Review: “The Nebraskan and the Nereid” by Gene Wolfe

3 of 5 stars.

Folklore and reality cross paths in this short tale. A folklore professor, Dr. Cooper, from The University of Nebraska has gone to the Greek Saronic Coast to determine the shift in folklore from a wide variety of nymphs to that of mainly nereids in the ancient and post-ancient past. Then he spots a young, pretty woman in the water who disappears under the waves.

Dr. Thoe Papamarkos, a female professor of archaeology from the University of Athens helps Dr. Cooper with local lore, but shows up right after the nereid has disappeared. She assures him it is locals having fun with him.

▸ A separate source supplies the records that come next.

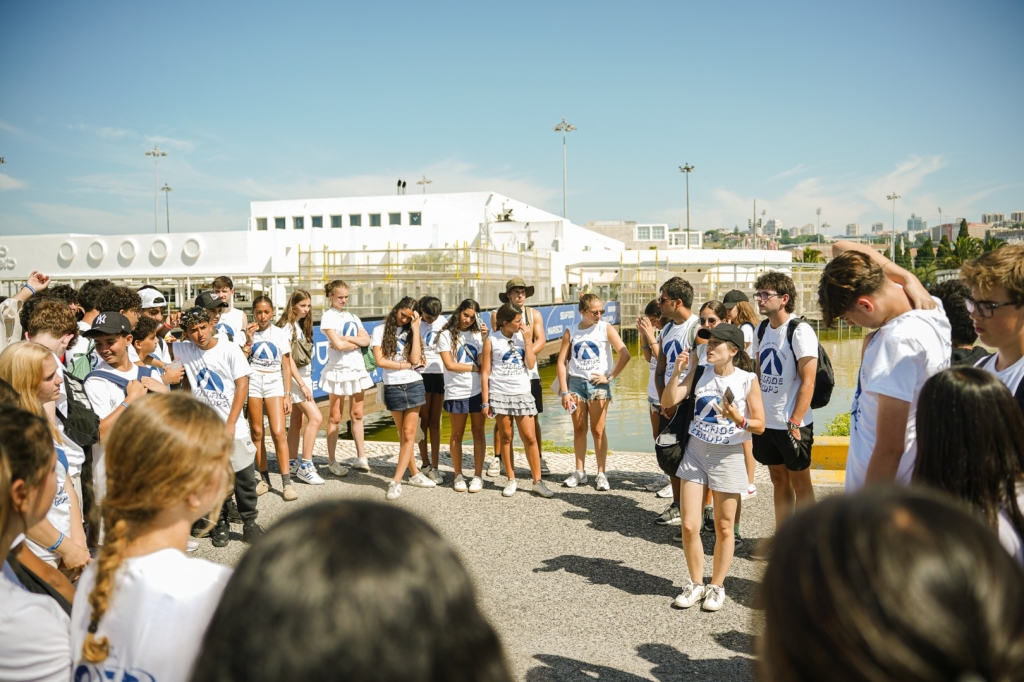 Summer Camp in Portugal for Teens general 21
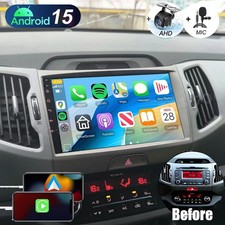 For kia sportage 2010 - for, 2010-2016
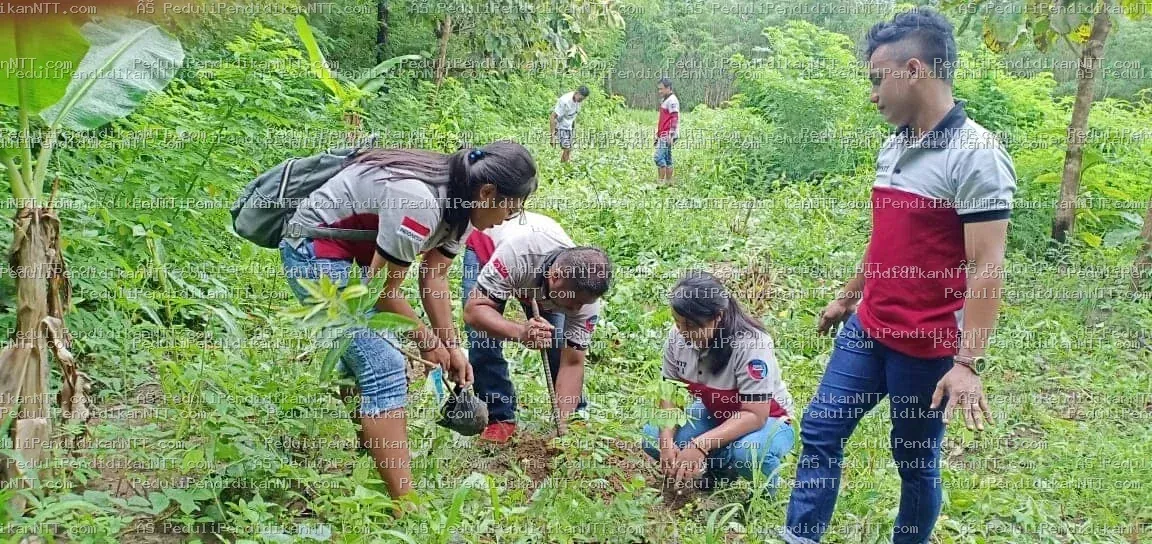 Foto 7 - Kota Kupang 2019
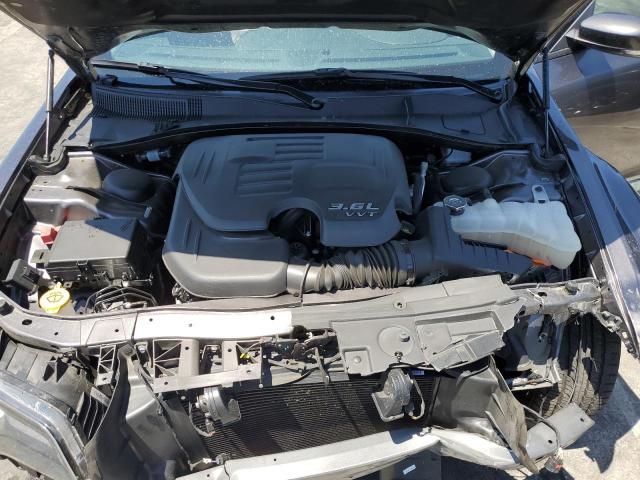 Photo 11 from auction – 2023 CHRYSLER 300 TOURIN with VIN 2C3CCADG3PH556282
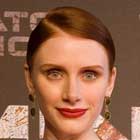 Bryce Dallas Howard en "La saga Crepusculo: Eclipse"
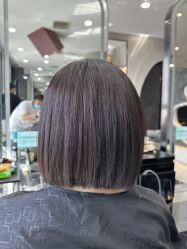 -TOP HAIR SALON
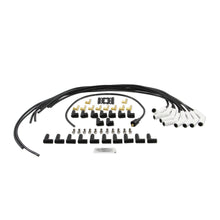Load image into Gallery viewer, Spark-Plug-Wire-Set---Universal---135-Deg-White-Ceramic-Boots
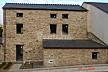 House for rent only 1000 meters from the beach.  Lugo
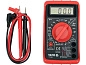 Мультиметр цифровой (YT-73080) YATO фото3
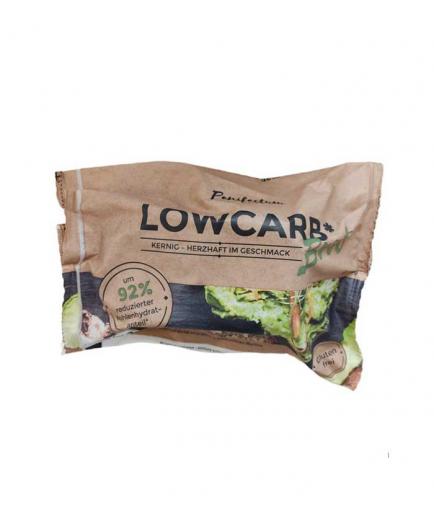 Panifactum - Lowcarb Brot Vegan Bread 200g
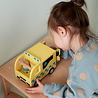 Kid's Concept Ambulace en bois Aiden | Kid's Concept Kid's Concept Ambulace en bois Aiden | Kid's Concept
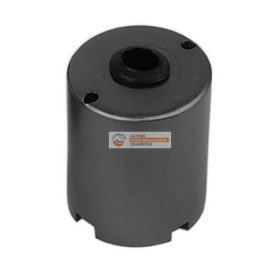 Aluminijumska zaštitna kapa 1 1/2” | Ø54 mm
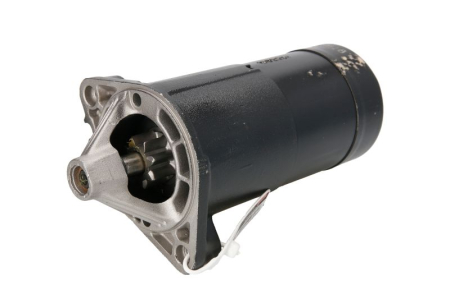 Alternatoare Electromotoare - Electromotor potrivit Mitsubishi L400, Pajero Junior I, Pajero Sport I; Suzuki Alto IV, Baleno, Swift, Swift I, Swift II, Wagon R 1983-2005 - 1.0-3.0, 12 V, 1,2 kW, reconditionat profesional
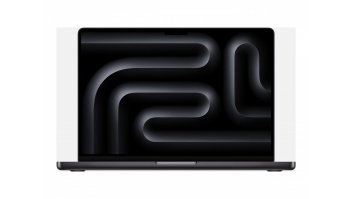 Apple MacBook | Pro | Space Black | 14 " | 3024 x 1964 pixels | Apple M4 Max | 36 GB | Solid-state drive capacity 1000 GB | Apple M4 Max chip 14-core CPU/32-core GPU | macOS | 802.11ax | Bluetooth version 5.3 | Keyboard language Russian | Keyboard backlit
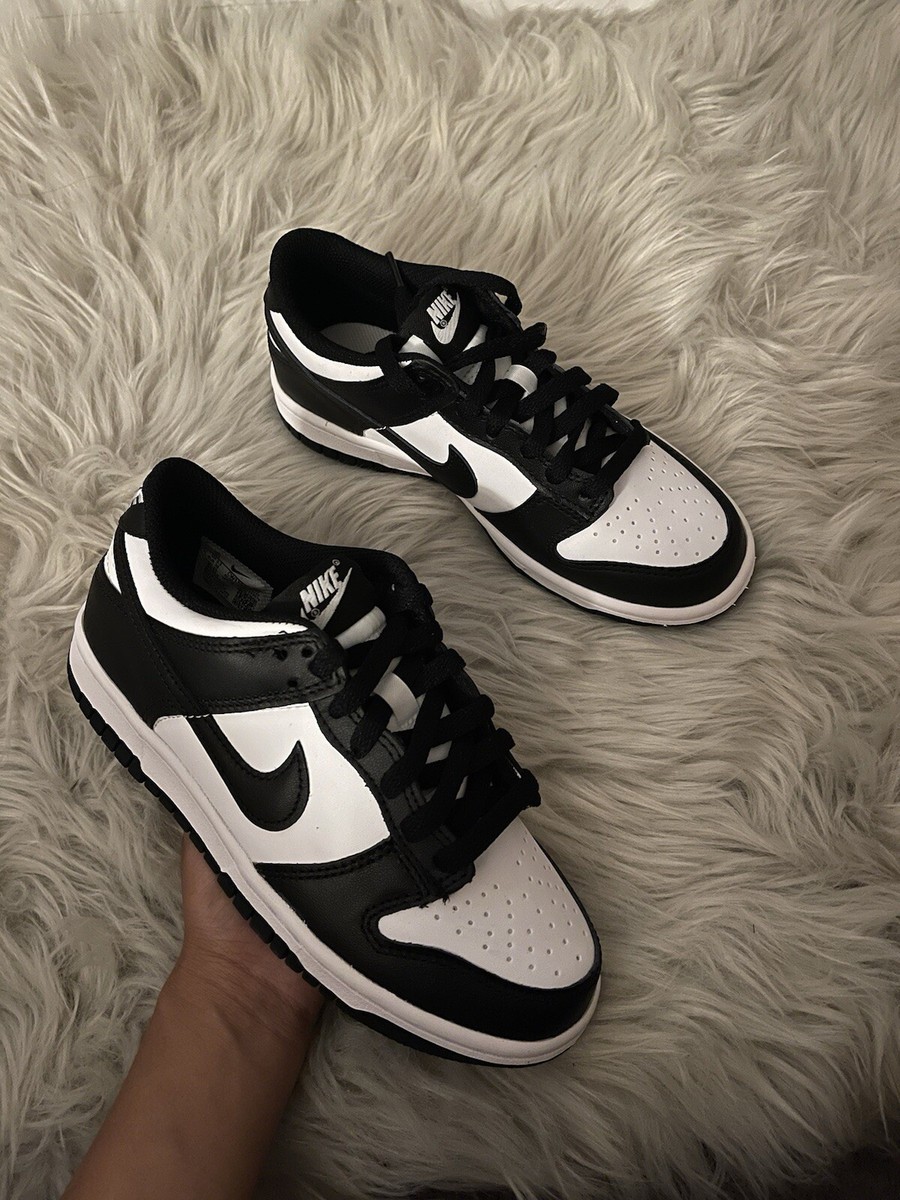 Size 10 - Nike Dunk Low '08 Panda 2011 NWB | eBay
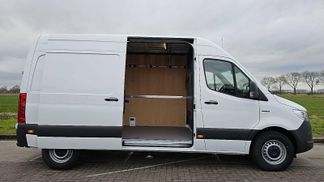 Lízing Van Mercedes-Benz ESPRINTER 2024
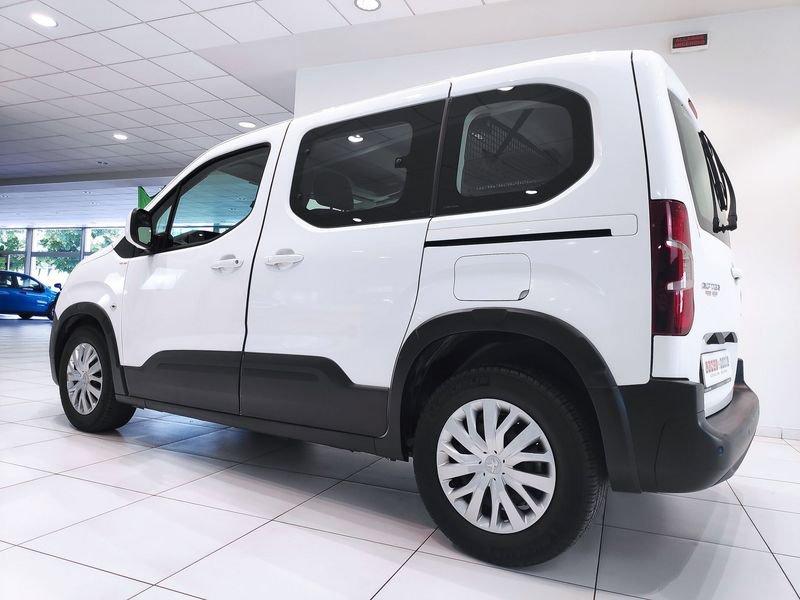 Peugeot Rifter Mix BlueHDi 100 S&S PC Active Standard*44.000 KM*GARANTITA*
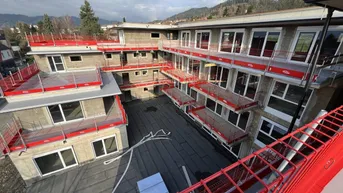 Expose Mehrfamilienwohnhaus in Fohnsdorf – Wohnbauprojekt zum Verkauf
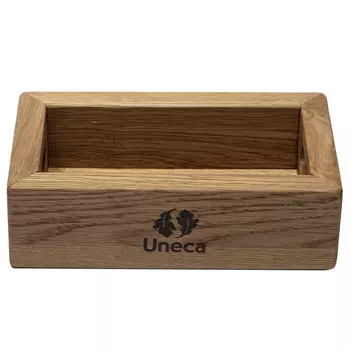 Подставка для солонки и перечницы Uneca 16х9х5см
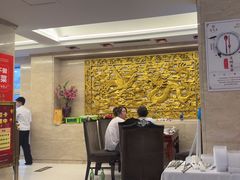 -鹿鸣春饭店(总店)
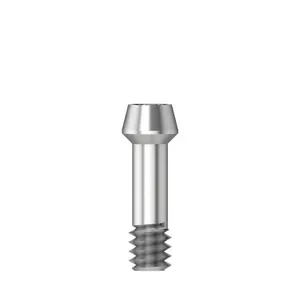 Abutment screw Ball Torx  M 2,0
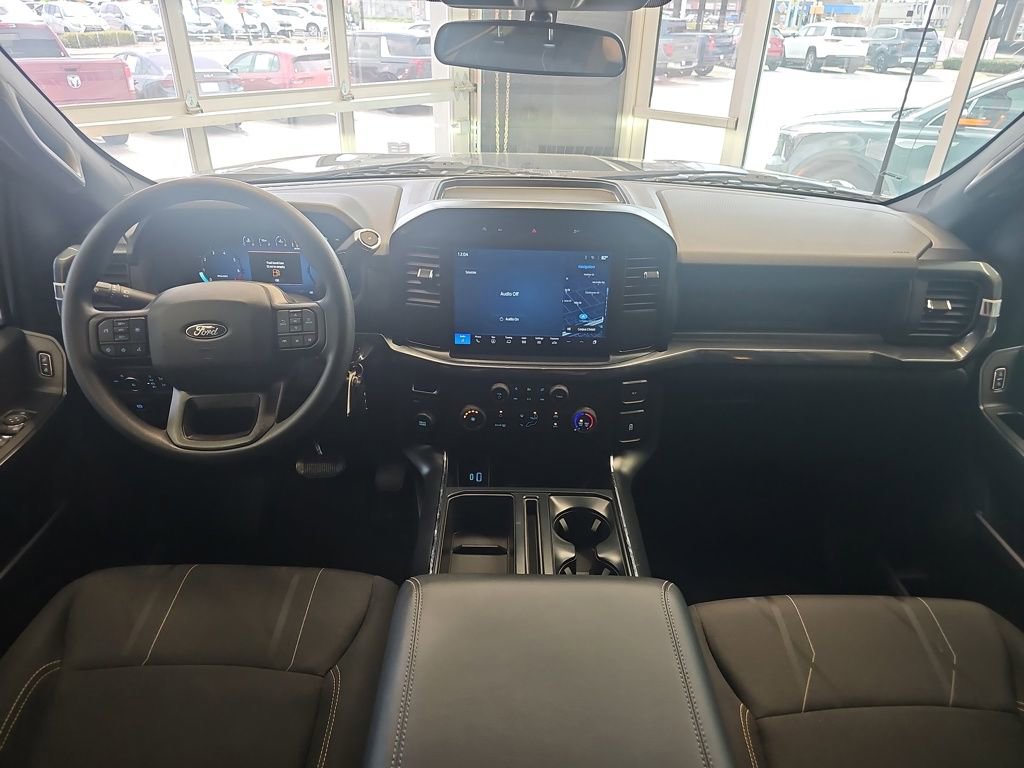 Used 2024 Ford F150 STX image 16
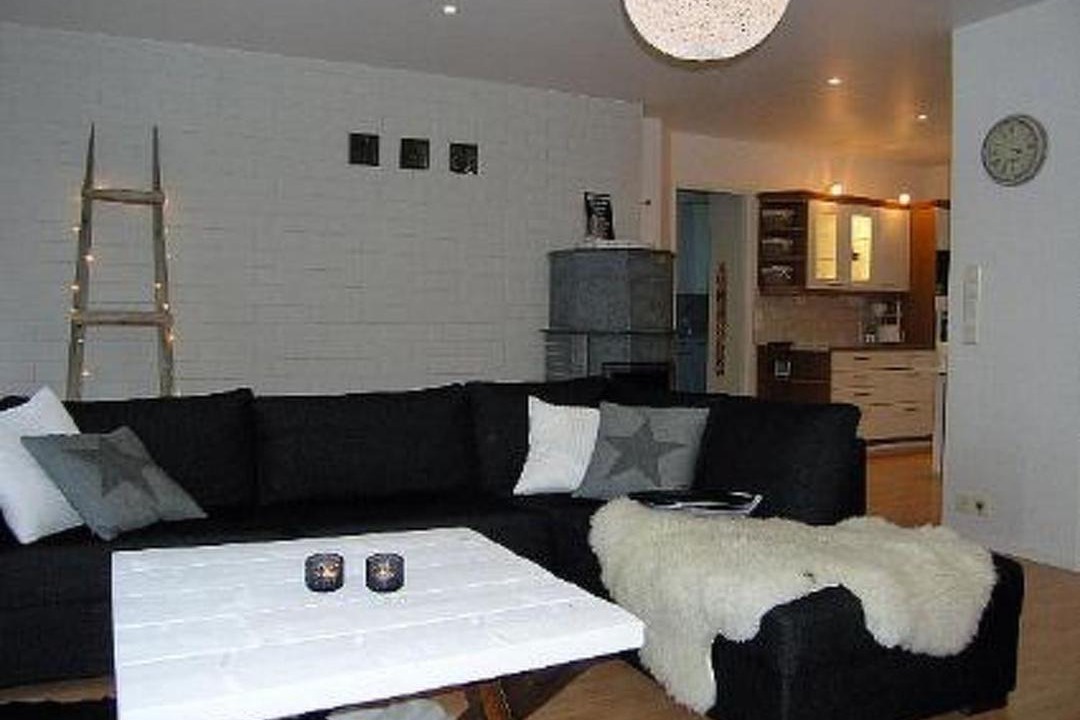 Photo of Livingroom in Kihnio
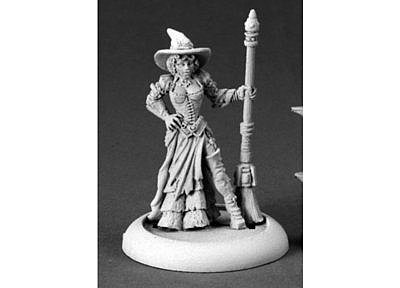 ダイタ／スチームパンク・ウィッチ 新製品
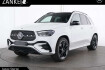 Mercedes GLE AMG Line Advanced Plus Benz gle 400 gle 400 e 4m amg *ahk*night*pano*360*burm*hud*distro*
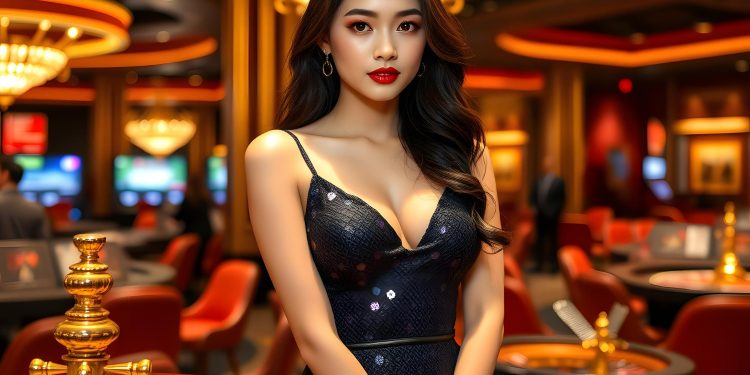 Exploring the Beauty of Pragmatic Play’s Spaceman Slot: An Engaging Gaming Experience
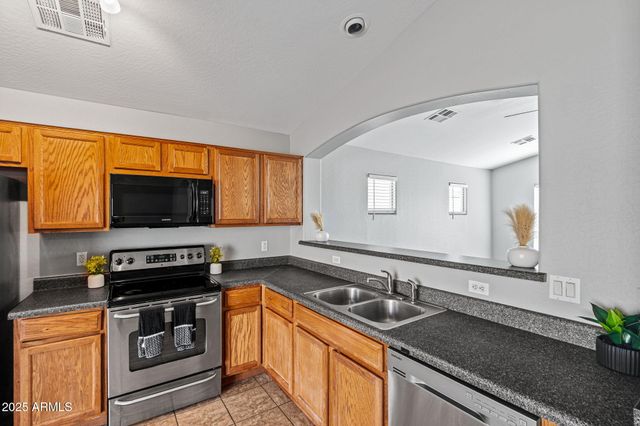 21962 W COCOPAH Street, Buckeye, AZ 85326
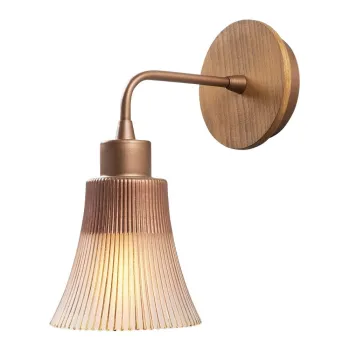 Aplica de perete aramie o 13 cm Foca - Opviq lights imagine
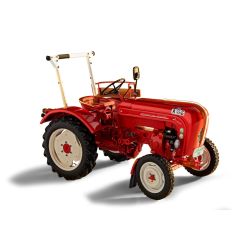 Revell 1/24 Porsche Diesel Junior 108 (easy-click) model-set
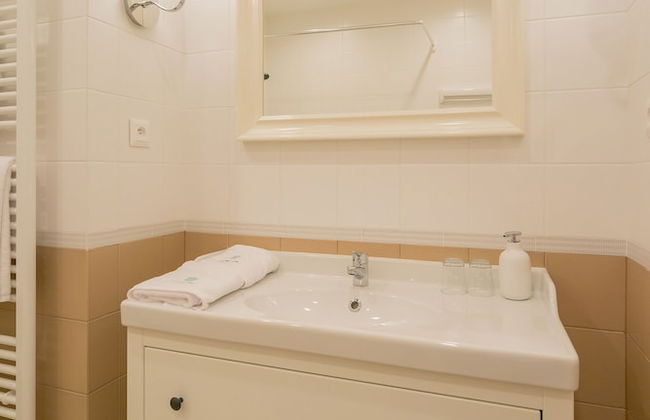 Revelton Suites Karlovy Vary - Foto 57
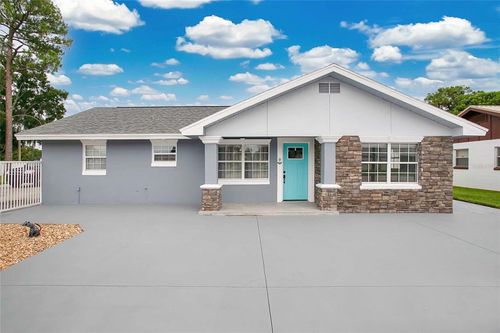 614 Sidney Cir, WINTER HAVEN, FL, 33880-1446 | Card Image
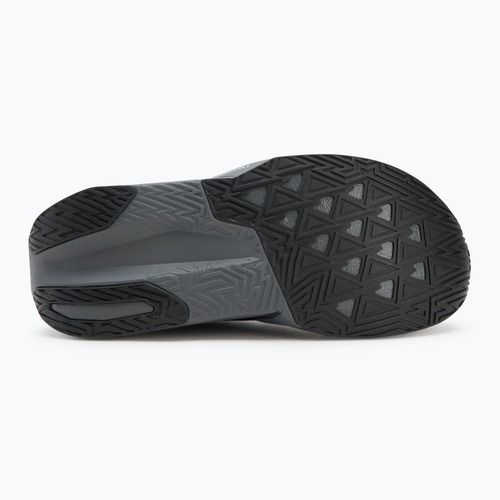 Buty do biegania męskie New Balance FuelCell Rebel V5 black
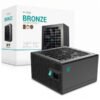 DeepCool PF750X 80PLUS BRONZE 750W Black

The tale is enjoyable but does not delve very deep, like the folklore-come-to-life scenario of “Rusalka”. Multiple run-ins with the potential nereid and with locals never happen simultaneously. The plot thickens when a maid at the inn disappears and the professor has a brief double-round tryst with the nereid[?] in the dark. Like the story, the scene is rather abrupt and the mystery of the situation remains.

This story appears in the latest anthology edited by Paula Guran, Mermaids and Other Mysteries of the Deep, published by Prime Books. “The Nebraskan and the Nereid” first appeared in Asimov’s Science Fiction Magazine, December 1985.